1. A method for multi-point distribution monitoring and hierarchical early warning of grounding resistance in substation grounding grids, characterized in that, include: Based on the geographical information and grounding grid topology of the substation area, a preliminary topology of the substation area is designed, and a multi-point distributed sensor network is designed based on the preliminary topology of the substation area. Based on the multi-point distributed sensor network, multimodal raw datasets are collected through sensor network and redundancy design, and then preliminary signal processing is performed on the multimodal raw datasets to obtain multimodal cleaned datasets. Based on the multimodal cleaning dataset, data time series unification, data pipeline definition, interface contract design, and environmental variable structuring are performed to obtain standardized data input; Construct a partitioned baseline model, and then use the standardized data input and the partitioned baseline model to output a personalized baseline curve and adaptive threshold sequence for each grid node; Based on the standardized data input and the personalized baseline curve, a hybrid health index is calculated, including site-level health index, grid-level health index, and health trend analysis. Based on the standardized data input and the hybrid health index, health prediction and anomaly detection are performed, and then graded alarms and alarm information are generated according to the anomaly detection results.

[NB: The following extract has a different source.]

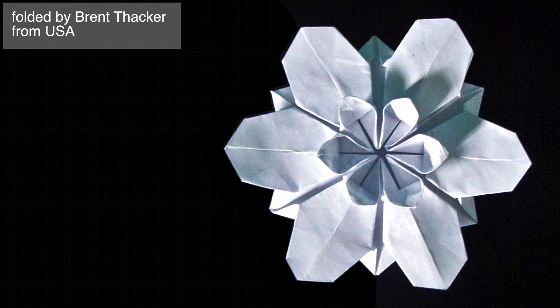Thanks so much for all of your contributions. I think it's always so nice to see what you fold.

2. The method for multi-point distribution monitoring and hierarchical early warning of grounding resistance for substation grounding grids according to claim 1, characterized in that, Based on the geographical information and grounding grid topology of the substation area, a preliminary topology structure of the substation area is designed. Based on this preliminary topology structure, a multi-point distributed sensor network is designed, including: Based on the geographic information and grounding grid topology of the substation area, the area is divided into regions, and grid nodes and sensor points are designed for each region to obtain the preliminary topology of the substation area. Based on the preliminary topology of the substation area, the data flow direction, data format, clock alignment requirements and data interface are designed. Based on the preliminary topology of the station area, a set of sensor modules and observation indicators are designed in combination with on-site environmental information. A gridded sensor point layout and sampling strategy are designed for the set of sensor modules to obtain a multi-point distributed sensor network.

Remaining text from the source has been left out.